Scève n’a pas eu de détracteurs. Il ne s’est jamais mêlé à des querelles littéraires ; le différend entre Marot et Sagon et les combats de la jeune Pléiade ne lui ont jamais arraché une parole, que nous sachions. Elles ne nous donnent par conséquent aucun renseignement sur la vie de notre poète.

Comment faut-il expliquer ce silence étrange de Scève sur lui-même ? L’aurait-il gardé par excès de modestie ? Ce n’est guère probable ; cette qualité décadente est bien rare au seizième siècle ; seuls des esprits inférieurs comme Philibert de Bugnyon, le plat imitateur de Scève, en ont été atteints. Un homme qui a une confiance si absolue dans sa gloire éternelle ne peut être soupçonné de nous cacher son nom par modestie.

J’incline plutôt à croire que c’est un certain orgueil aristocratique, mêlé à un certain amour du mystère, que nous constatons si souvent dans les ouvrages de Scève. Scève a trop de fierté, il aime trop à marcher la tête haute, trop plus hautain que n’est l’ambition[1] pour se faire le héraut de sa propre gloire. Il présume que ses œuvres parleront toutes seules à la postérité, qu’elles suffiront à bâtir le temple de son immortalité ; inutile d’y ajouter un mot. Et puis il y aura les amis, les adorateurs, les imitateurs qui ne manqueront pas de transmettre le nom du maître aux générations futures, et de leur raconter quelle fut la vie de l’auteur de la Délie et du Microcosme.

Scève ne s’est point trompé entièrement : ses amis ont chanté sa gloire, ils l’ont couronné de roses et de lauriers ; mais aucun n’a pris le soin de nous laisser quelques notices biographiques qui nous renseigneraient sur les circonstances de sa vie, et sur le développement de ses idées.
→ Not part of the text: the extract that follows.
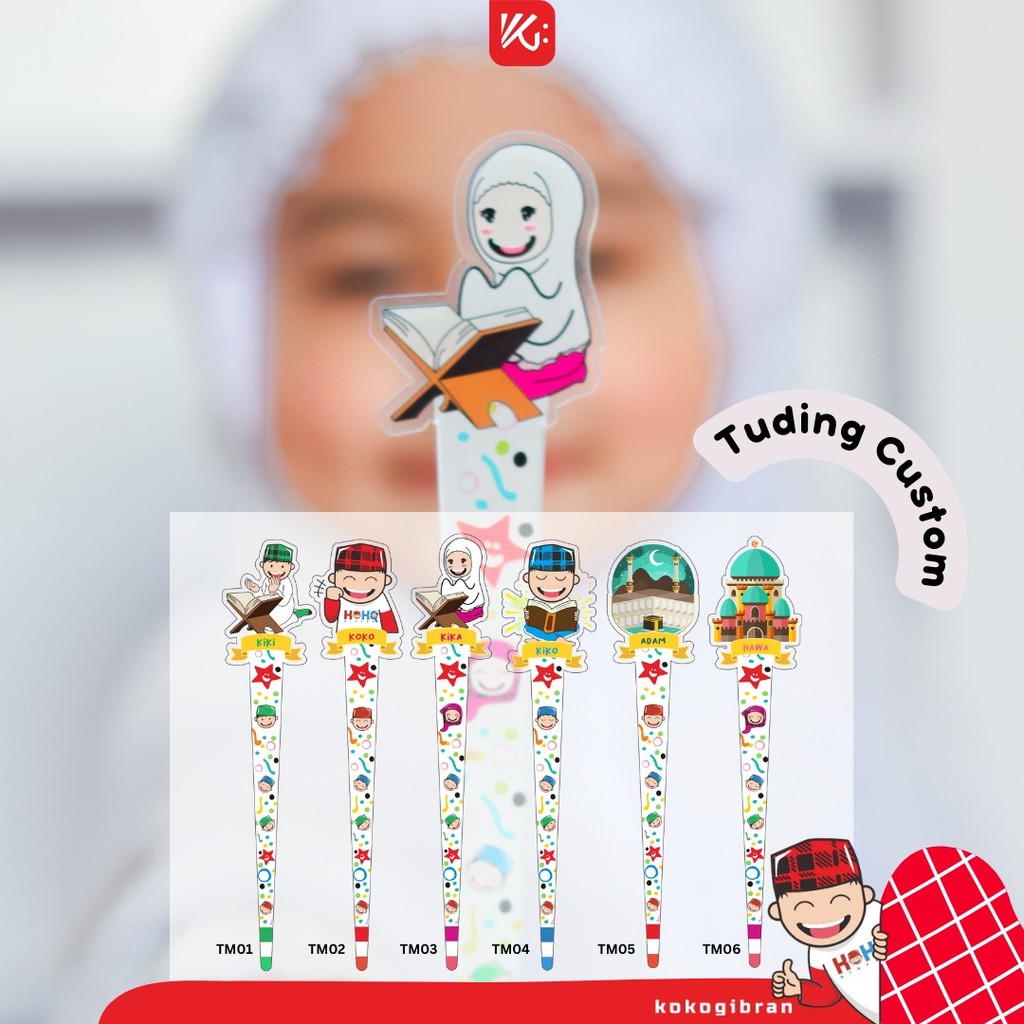 Tuding Mengaji Karakter KokoGibran / Alat Tunjuk Mengaji / Kalam Mengaji / Tuding Custom Nama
Ils n’en connaissaient peut-être point de traits qu’ils aient jugés dignes d’être transmis à la postérité. Il y a encore un autre fait qui nous explique l’absence de documents concernant la vie de Scève. C’est le voile mystérieux qui nous cache les dernières années de son existence ; personne ne connaît ni l’heure, ni le lieu, ni les circonstances de sa mort[2].

  1. Délie, dizain 359.
  2. cf. le dernier chapitre de cette étude.